• SUPPLIED MATERIAL:

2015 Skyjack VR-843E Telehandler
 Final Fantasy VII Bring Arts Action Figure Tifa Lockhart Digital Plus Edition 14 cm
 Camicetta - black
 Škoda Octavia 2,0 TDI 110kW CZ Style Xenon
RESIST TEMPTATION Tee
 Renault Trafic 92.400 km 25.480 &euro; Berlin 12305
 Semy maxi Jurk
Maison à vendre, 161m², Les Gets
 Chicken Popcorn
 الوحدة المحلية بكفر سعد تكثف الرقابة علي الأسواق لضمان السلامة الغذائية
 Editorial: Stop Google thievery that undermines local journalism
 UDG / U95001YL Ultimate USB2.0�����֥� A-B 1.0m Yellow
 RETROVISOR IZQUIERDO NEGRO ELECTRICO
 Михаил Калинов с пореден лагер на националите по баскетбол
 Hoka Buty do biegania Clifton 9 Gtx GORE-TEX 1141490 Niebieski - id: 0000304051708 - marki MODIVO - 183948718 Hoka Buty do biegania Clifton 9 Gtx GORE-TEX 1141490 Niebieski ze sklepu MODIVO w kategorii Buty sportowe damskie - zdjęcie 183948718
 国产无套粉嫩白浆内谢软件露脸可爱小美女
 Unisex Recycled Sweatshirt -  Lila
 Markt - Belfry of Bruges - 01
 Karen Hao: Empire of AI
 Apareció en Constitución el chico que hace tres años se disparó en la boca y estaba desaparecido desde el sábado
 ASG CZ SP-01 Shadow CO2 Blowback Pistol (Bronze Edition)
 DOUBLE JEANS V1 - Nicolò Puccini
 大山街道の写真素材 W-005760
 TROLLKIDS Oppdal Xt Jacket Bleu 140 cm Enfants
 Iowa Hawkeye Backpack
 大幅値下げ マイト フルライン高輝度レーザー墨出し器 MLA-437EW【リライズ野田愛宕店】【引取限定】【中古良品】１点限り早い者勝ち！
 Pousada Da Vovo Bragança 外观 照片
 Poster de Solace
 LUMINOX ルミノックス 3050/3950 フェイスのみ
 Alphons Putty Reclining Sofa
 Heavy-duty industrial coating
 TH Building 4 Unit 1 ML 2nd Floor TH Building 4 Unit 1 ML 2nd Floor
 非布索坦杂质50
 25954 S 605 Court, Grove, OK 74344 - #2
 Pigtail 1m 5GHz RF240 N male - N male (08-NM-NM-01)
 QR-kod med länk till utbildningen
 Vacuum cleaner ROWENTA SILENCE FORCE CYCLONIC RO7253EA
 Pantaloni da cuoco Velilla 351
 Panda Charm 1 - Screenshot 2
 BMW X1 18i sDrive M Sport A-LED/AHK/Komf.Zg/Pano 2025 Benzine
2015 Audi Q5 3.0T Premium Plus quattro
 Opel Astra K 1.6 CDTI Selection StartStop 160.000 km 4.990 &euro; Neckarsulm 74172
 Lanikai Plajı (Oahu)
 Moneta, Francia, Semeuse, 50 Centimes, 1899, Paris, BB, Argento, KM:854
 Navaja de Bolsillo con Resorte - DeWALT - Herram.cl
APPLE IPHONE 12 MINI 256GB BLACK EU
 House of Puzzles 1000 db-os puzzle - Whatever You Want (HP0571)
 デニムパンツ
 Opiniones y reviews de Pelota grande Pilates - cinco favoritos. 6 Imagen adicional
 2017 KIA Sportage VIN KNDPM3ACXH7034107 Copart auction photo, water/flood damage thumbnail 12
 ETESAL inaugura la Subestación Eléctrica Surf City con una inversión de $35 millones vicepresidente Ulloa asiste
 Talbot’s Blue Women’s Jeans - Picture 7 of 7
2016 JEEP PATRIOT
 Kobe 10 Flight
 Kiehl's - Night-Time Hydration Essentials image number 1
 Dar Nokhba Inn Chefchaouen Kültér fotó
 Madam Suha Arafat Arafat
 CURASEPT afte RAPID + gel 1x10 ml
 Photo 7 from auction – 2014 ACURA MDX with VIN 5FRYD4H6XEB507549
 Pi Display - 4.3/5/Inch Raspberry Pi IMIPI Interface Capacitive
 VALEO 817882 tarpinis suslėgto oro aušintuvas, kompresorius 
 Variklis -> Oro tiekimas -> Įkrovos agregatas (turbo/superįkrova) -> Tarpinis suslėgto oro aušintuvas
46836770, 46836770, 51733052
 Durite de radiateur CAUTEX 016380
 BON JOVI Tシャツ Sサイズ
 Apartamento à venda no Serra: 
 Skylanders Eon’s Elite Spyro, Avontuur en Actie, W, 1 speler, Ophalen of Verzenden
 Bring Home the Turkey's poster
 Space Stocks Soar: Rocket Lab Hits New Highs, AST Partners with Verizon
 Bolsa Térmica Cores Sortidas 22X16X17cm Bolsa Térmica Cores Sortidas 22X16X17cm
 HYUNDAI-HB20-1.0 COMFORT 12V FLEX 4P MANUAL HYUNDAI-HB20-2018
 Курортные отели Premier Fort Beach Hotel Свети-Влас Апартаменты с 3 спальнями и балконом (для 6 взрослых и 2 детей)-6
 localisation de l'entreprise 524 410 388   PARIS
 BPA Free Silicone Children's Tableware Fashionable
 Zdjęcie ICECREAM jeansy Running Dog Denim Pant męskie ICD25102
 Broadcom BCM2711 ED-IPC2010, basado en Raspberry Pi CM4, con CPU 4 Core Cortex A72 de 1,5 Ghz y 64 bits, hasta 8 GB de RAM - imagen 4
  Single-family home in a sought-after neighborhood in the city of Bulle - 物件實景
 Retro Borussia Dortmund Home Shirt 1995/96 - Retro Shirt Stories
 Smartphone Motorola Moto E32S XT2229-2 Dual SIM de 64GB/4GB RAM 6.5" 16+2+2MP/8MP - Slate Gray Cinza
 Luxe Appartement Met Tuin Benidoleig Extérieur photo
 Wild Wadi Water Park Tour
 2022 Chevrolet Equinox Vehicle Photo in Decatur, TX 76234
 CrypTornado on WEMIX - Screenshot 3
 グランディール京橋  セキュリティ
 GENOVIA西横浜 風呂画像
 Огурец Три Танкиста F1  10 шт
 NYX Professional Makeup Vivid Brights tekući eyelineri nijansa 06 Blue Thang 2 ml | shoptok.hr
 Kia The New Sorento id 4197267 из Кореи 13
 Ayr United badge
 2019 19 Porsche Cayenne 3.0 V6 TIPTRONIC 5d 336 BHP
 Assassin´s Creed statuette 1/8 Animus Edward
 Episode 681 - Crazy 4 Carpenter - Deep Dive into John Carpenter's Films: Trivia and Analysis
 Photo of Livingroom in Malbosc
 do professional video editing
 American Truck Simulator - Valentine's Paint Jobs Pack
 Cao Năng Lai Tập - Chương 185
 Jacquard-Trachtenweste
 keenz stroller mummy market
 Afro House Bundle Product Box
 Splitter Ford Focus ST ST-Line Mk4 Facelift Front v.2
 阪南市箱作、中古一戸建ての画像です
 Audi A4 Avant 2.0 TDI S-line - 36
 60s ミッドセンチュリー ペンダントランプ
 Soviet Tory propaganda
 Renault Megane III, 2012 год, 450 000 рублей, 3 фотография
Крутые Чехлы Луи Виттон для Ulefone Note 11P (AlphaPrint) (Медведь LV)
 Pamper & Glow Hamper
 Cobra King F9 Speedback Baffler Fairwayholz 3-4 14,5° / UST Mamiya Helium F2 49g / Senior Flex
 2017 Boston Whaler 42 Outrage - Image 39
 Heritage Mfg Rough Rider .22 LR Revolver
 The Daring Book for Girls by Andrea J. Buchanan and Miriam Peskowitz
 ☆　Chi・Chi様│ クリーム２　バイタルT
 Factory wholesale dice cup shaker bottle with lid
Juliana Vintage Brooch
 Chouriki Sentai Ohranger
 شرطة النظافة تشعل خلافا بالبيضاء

• WHAT NEEDS TO BE DONE: The answer must hold only the lines from the first line of the data through the line bearing "Markt - Belfry of Bruges - 01", returned exactly.

• EXPECTED OUTPUT:
2015 Skyjack VR-843E Telehandler
 Final Fantasy VII Bring Arts Action Figure Tifa Lockhart Digital Plus Edition 14 cm
 Camicetta - black
 Škoda Octavia 2,0 TDI 110kW CZ Style Xenon
RESIST TEMPTATION Tee
 Renault Trafic 92.400 km 25.480 &euro; Berlin 12305
 Semy maxi Jurk
Maison à vendre, 161m², Les Gets
 Chicken Popcorn
 الوحدة المحلية بكفر سعد تكثف الرقابة علي الأسواق لضمان السلامة الغذائية
 Editorial: Stop Google thievery that undermines local journalism
 UDG / U95001YL Ultimate USB2.0�����֥� A-B 1.0m Yellow
 RETROVISOR IZQUIERDO NEGRO ELECTRICO
 Михаил Калинов с пореден лагер на националите по баскетбол
 Hoka Buty do biegania Clifton 9 Gtx GORE-TEX 1141490 Niebieski - id: 0000304051708 - marki MODIVO - 183948718 Hoka Buty do biegania Clifton 9 Gtx GORE-TEX 1141490 Niebieski ze sklepu MODIVO w kategorii Buty sportowe damskie - zdjęcie 183948718
 国产无套粉嫩白浆内谢软件露脸可爱小美女
 Unisex Recycled Sweatshirt -  Lila
 Markt - Belfry of Bruges - 01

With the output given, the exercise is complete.